Many structures were damaged in the vicinity of the epicenter, including Kobe-city and Ashiya-city, and severe damage occurred along an east-northeast trending narrow zone, so-called “the linear earthquake damage zone.” Structure damage also extended sporadically farther to Itami-city, Takarazuka-city, Toyonaka-city and Osaka-city where seismic motion with more than 5 of Richter scale was recorded. The damage grade becomes smaller concentrically from the epicenter except the linear damage zone. The occurrence of the narrow severe damage zone has been explained by several hypothesis, e. g. the possible movement of hidden active faults under sediment, geomorphologic effect, amplification of earthquake motion in surface soft sediment, contrast of load-proof strength of structures between damaged and undamaged area, deep geological structure, etc. After the earthquake, deep geological investigations involving dynamic explorations have been performed. and seismic simulation has been carried out by several organizations, which revealed detailed geological structures and dynamic character of the basement. These results are going to lead a true cause of earthquake damages. This chapter first clarifies that earthquake damages caused by the geomorphologic and geological structure. However detailed study on it has already been described in the interim report, so new data was straightened in this paper. Secondly, we focus target structure of the basement and it's particular physical properties from the investigation of geological and geomorphologic consideration and earthquake motion simulation. Finally relationships between damages in the distant places and geological structure, geological distribution and geotechnical characteristics were described.
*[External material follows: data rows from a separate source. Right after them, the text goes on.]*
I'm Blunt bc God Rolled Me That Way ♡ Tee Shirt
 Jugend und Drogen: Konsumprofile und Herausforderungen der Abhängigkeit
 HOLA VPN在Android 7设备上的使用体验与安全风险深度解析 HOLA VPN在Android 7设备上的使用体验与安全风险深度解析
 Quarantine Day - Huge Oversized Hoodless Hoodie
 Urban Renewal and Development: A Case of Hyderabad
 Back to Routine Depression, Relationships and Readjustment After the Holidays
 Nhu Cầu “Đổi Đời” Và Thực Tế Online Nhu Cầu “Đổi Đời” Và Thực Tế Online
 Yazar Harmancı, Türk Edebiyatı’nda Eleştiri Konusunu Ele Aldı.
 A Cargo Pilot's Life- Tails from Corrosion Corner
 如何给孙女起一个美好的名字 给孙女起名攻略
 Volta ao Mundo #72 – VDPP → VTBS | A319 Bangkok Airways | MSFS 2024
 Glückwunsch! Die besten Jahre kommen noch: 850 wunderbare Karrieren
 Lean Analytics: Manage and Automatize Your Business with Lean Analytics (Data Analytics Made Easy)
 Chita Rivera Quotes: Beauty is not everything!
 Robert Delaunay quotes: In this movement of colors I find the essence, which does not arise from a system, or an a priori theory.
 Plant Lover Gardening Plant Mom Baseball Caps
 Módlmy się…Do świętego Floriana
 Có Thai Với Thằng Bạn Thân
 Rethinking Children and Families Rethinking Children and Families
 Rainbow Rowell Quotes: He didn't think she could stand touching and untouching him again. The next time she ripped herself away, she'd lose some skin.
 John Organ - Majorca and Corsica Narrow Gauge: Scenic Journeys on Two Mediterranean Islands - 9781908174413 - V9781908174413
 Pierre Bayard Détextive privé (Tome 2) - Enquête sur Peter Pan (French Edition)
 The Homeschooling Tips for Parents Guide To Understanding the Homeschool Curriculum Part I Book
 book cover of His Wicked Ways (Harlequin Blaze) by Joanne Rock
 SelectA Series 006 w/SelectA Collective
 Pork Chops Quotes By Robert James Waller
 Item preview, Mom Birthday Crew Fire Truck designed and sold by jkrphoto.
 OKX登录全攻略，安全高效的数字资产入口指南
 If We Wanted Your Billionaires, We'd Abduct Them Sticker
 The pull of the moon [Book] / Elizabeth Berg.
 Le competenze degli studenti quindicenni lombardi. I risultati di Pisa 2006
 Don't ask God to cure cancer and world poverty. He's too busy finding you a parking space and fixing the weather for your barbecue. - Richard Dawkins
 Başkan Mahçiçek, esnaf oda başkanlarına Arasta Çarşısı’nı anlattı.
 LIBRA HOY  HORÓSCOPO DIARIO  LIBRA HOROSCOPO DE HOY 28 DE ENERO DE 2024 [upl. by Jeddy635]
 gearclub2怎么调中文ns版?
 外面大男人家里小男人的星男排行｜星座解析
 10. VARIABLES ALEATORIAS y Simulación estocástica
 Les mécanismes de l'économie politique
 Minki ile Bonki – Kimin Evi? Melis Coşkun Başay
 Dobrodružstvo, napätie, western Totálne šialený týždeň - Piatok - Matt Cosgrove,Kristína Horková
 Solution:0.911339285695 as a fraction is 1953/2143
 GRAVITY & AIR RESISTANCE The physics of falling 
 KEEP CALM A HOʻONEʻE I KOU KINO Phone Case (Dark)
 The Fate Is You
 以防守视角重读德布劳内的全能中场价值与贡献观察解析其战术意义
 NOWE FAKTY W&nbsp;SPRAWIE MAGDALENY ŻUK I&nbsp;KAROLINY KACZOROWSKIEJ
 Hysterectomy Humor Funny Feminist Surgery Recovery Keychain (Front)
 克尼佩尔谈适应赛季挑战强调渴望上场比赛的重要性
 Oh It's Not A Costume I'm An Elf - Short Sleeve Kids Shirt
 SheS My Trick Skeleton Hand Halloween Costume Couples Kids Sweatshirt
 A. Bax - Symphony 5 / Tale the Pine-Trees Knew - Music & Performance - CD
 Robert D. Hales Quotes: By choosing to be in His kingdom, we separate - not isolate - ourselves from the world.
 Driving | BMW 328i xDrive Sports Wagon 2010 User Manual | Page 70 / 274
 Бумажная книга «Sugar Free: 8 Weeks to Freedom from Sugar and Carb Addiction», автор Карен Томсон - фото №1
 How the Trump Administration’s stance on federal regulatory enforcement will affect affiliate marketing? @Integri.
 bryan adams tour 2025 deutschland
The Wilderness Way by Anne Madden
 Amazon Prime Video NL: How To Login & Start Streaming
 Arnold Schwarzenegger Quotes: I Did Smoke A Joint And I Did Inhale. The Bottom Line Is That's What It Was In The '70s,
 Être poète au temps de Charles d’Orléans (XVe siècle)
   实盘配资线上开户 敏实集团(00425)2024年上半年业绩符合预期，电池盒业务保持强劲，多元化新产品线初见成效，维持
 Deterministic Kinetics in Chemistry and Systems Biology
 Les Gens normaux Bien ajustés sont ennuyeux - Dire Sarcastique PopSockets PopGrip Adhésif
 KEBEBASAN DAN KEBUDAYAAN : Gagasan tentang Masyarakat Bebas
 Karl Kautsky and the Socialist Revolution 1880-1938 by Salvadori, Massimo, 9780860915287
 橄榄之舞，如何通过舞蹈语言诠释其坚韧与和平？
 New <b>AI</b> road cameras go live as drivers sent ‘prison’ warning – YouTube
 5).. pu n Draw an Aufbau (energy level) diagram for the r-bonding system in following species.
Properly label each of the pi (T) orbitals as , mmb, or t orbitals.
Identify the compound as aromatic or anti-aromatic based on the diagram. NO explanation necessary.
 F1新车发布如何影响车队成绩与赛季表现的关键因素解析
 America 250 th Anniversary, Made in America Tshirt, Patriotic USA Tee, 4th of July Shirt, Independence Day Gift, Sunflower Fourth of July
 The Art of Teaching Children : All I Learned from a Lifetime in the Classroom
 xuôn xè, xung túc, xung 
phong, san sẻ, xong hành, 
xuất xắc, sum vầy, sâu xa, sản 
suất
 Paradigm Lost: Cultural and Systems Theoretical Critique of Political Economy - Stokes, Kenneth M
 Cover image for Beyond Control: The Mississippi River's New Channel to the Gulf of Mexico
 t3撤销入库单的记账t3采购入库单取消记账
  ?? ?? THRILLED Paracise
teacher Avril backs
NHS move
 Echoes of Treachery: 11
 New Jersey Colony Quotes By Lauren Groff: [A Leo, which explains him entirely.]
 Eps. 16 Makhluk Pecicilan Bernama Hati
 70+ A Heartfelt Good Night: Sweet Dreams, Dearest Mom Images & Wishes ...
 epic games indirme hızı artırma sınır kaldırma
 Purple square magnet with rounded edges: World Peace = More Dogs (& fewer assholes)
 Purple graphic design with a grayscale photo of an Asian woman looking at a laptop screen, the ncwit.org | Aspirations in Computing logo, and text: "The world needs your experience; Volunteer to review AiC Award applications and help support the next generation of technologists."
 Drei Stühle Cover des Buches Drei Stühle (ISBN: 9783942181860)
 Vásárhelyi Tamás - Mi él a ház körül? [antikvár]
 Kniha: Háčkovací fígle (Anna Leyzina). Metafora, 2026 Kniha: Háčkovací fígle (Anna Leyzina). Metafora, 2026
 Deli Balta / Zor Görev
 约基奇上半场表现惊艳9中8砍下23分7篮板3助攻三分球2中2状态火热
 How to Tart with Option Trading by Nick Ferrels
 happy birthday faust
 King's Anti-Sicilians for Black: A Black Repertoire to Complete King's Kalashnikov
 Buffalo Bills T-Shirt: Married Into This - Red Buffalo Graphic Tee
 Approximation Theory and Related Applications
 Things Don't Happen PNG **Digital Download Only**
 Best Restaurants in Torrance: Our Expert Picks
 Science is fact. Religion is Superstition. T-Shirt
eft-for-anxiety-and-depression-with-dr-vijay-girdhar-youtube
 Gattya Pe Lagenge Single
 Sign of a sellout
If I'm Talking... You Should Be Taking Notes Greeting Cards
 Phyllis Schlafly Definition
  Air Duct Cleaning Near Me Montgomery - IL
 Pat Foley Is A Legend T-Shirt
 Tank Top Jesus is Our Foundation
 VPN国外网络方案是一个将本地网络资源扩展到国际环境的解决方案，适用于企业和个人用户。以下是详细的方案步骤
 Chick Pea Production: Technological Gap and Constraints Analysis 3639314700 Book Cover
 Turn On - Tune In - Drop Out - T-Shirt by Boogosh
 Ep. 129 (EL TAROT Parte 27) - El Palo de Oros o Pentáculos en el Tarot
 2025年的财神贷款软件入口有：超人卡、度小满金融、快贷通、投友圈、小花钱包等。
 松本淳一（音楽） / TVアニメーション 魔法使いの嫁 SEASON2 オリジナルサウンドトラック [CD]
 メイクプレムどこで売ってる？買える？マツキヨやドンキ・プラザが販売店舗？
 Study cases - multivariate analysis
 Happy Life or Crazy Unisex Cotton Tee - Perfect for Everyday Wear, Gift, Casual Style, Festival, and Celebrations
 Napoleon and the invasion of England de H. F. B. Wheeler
The ground disasters caused by the Hyogo-ken Nanbu Earthquake occurred in the areas stretching at the foot of the Rokkou Mountains and emerged in various types. We have been collecting data on these disasters, mainly investigating the relationship between some landslide occurrences and topographical-geological conditions. As a result of investigation, it is seen that several common conditions exist to these ground disasters accompanying the Earthquake.
Data on various hydrological and geochemical fluctuations caused by the 1995 Hyogo-ken Nanbu Earthquake were accumulated. We reported fluctuations of the relatively shallow groundwater at the Nuruyu area, the Northern Awaji Islands, and those of the deeper one at the regional (about 300km×300km) scales. Then, we briefly reviewed the precursory geochemical changes in groundwater. Groundwater gushed out soon after the earthquake at around the Nuruyu and Nojima-Tokiwa areas, which are situated to the east of the Nojima fault, and then has dried up within the several months. There has been no sign of the recovery of groundwater level in wells one year after the earthquake. The water springing out at the hanging wall side along the Nojima fault seemed to be moved from the eastern mountainous area where groundwater has dried up. Groundwater in deep underground also fluctuated by the earthquake and their spatial distribution seemed to be related to the distance and the direction from the epicenter of the earthquake. Temperature increase at several hot springs has also been observed after the earthquake. The investigation of the groundwater fluctuations is important not only for the prediction of earthquakes but also for the engineering geological activities, such as planning water supply for the mountainous villages, monitoring and solving groundwater pollution problems, and evaluating long-term stability of deep underground environments. We proposed several plans to monitor and manage data on groundwater fluctuations both in usual times and at earthquakes. We also showed the recommended countermeasure for the fluctuations of hot springs, and pointed out the importance to prepare water supply plans for the places where the drops of water levels have been observed by the previous earthquakes.